Exercise objective:
Wherever the string "mortului" turns up in the data, copy the whole line.
Supplied information Start Marker
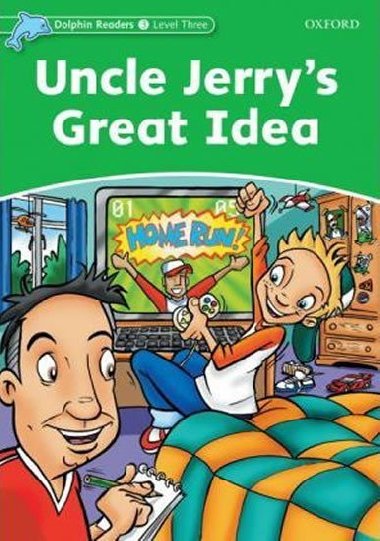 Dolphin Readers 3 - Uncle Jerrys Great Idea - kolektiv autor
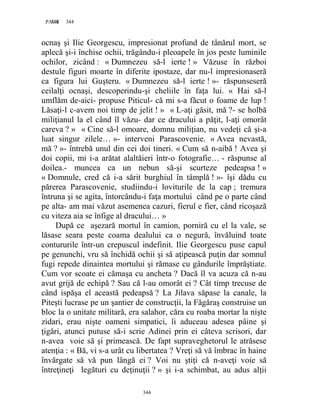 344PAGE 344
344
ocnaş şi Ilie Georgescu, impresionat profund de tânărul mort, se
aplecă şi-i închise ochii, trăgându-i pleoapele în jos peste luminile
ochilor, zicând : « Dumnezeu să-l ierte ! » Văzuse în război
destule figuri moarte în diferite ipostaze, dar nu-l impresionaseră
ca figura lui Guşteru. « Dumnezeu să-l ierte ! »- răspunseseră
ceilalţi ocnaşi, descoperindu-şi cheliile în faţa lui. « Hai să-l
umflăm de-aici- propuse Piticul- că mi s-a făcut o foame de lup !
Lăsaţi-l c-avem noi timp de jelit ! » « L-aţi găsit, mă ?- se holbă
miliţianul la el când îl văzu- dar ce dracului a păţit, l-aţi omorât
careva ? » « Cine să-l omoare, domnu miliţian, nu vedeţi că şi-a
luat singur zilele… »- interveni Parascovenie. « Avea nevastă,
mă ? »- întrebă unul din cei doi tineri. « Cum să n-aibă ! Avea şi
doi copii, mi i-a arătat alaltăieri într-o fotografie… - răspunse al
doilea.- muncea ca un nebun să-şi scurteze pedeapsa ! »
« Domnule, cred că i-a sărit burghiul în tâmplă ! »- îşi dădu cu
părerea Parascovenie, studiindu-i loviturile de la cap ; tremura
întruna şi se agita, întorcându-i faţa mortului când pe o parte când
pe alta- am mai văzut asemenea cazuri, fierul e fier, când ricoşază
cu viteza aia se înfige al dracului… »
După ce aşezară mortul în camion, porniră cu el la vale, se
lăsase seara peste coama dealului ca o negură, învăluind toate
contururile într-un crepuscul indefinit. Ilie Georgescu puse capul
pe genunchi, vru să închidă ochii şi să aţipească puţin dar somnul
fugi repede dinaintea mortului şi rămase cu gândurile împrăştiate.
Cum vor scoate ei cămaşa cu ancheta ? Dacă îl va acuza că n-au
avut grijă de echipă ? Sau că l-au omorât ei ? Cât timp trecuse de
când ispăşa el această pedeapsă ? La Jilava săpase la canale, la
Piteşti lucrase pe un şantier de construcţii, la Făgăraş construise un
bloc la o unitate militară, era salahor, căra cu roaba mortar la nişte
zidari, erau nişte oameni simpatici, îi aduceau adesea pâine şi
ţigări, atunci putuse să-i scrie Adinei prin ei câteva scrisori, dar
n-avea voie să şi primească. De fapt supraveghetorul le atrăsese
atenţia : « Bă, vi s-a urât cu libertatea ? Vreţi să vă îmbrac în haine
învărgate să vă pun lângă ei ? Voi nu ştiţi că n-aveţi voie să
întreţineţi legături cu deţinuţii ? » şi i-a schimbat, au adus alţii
Supplied information End Marker
Solution for this problem:
întruna şi se agita, întorcându-i faţa mortului când pe o parte când
fugi repede dinaintea mortului şi rămase cu gândurile împrăştiate.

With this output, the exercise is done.